Here is the breakdown of how points will be awarded for partial credit. Note that we will not necessarily be using the same sizes provided in the benchmark, however, we will be using similar sizes (nothing far bigger or smaller). Note that despite the fact that we will be benchmarking with similar sizes, this does not exempt you from having working code for smaller images, features, and maximum displacements - for these cases we will not be measuring performance but checking correctness only.

Speedup Ratio 0 2 4 4.5 5 5.25 5.5
Point Value 0 20 40 60 80 90 100

Intermediate Cycle Speedups are linearly interpolated based on the point values of the two determined neighbors. Note that heavy emphasis is placed on the middle speedups, with the last couple being worth relatively few points. So don't sweat it if you are having trouble squeezing those last few floating point operations out of the machine!
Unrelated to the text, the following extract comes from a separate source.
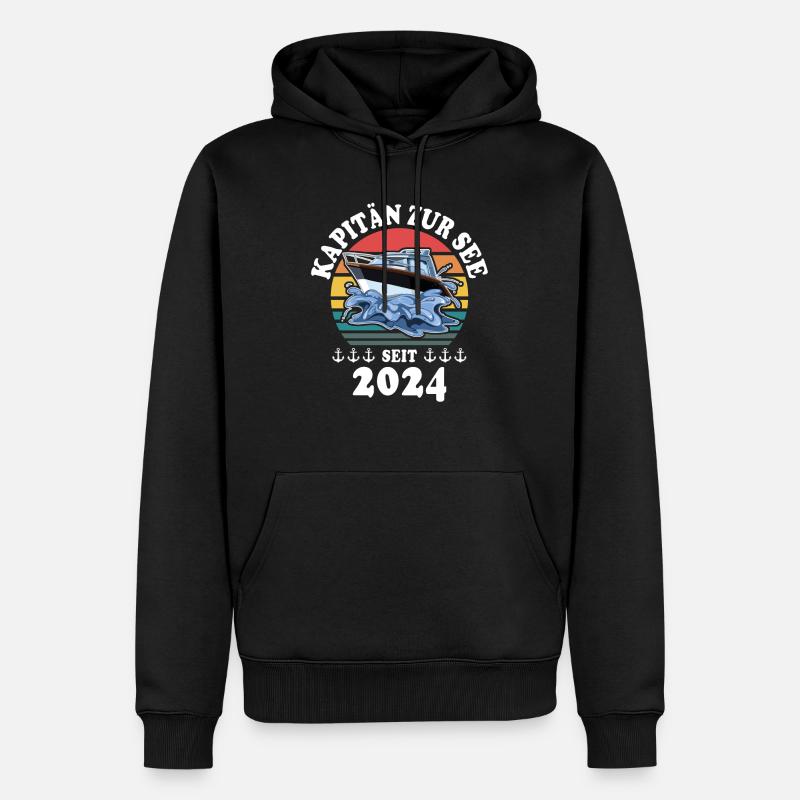 Boot Bootsführerschein 2024 Kapitän - Männer Premium Bio Hoodie - Schwarz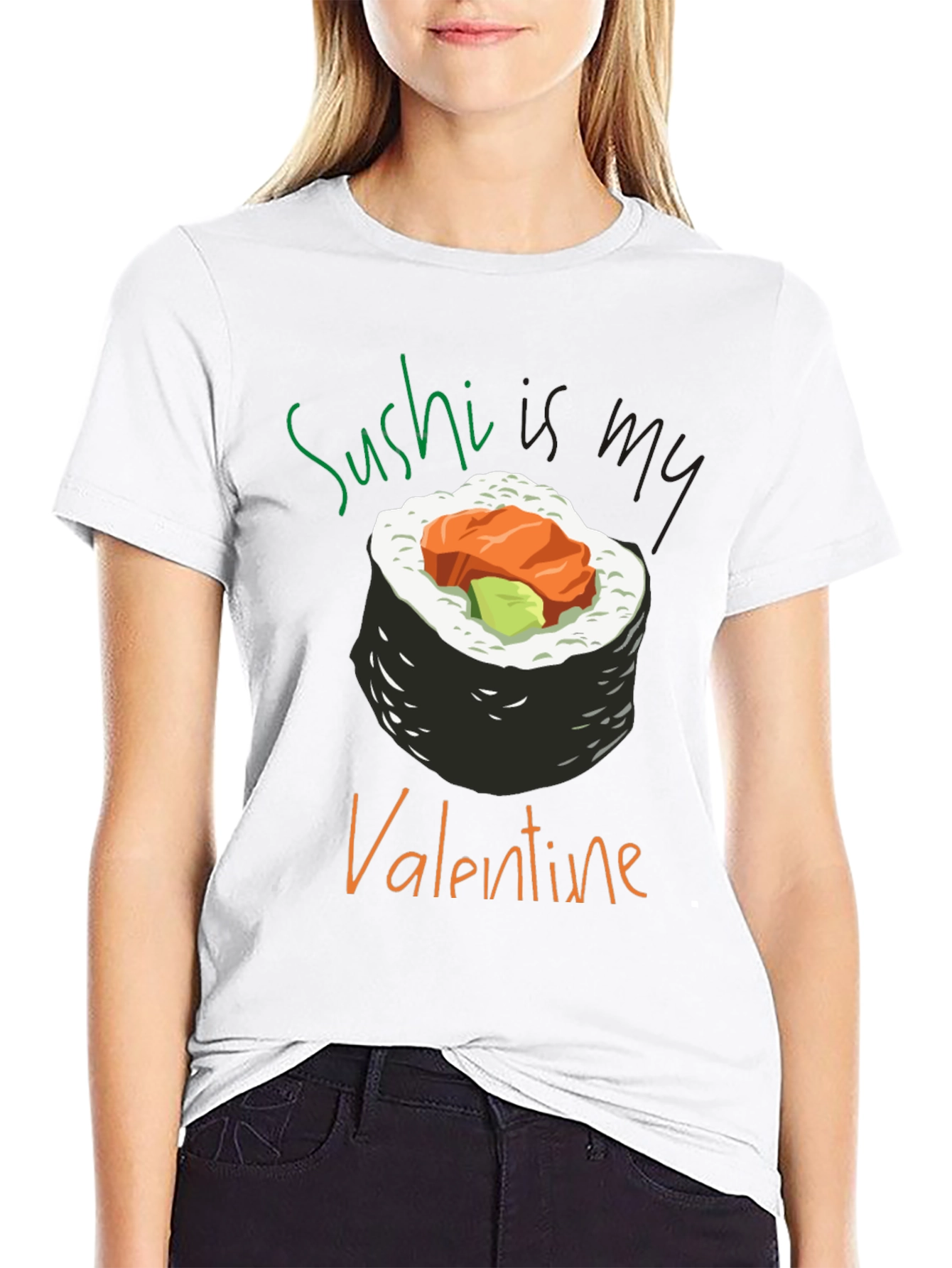 Sushi is My Valentine T-Shirt - Unique Graphic Tee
Here are some suggestions for improving the performance of your code:

Submission

On glookup

BEFORE YOU SUBMIT, CHECK THAT YOUR PROGRAM DOES COMPILE AND PASS THE CORRECTNESS CHECK, OR YOU RISK GETTING A ZERO ON THE PROJECT

Proj4 is due 8/08 @ 23:59:59. Please make sure only ONE partner submits. To submit proj4, go to where your calcDepthOptimized.c is located, enter in the following:

submit proj4
You can confirm this by looking at the output of glookup -t.

On github

Additionally, you must submit proj4 to your shared Github repository

  cd ~/proj4-XX-YY
  git checkout proj4
  git add -u
  git commit -m 'project 4 submission'
  git tag "proj4-sub"
  git push origin proj4-sub 

Re-submitting

To resubmit the project, you can run the same command on hive. To resubmit on git hub:
  cd ~/proj4-XX-YY
  git checkout proj4
  git add -u
  git commit -m 'project 4 submission'
  git tag -f "proj4-sub"
  git push -f origin proj4-sub  //-f will force tag and force push your changes, overwritting the previous commit

Your changes should be limited to calcDepthOptimized.c. If you have any issues submitting please e-mail your TA. Good luck!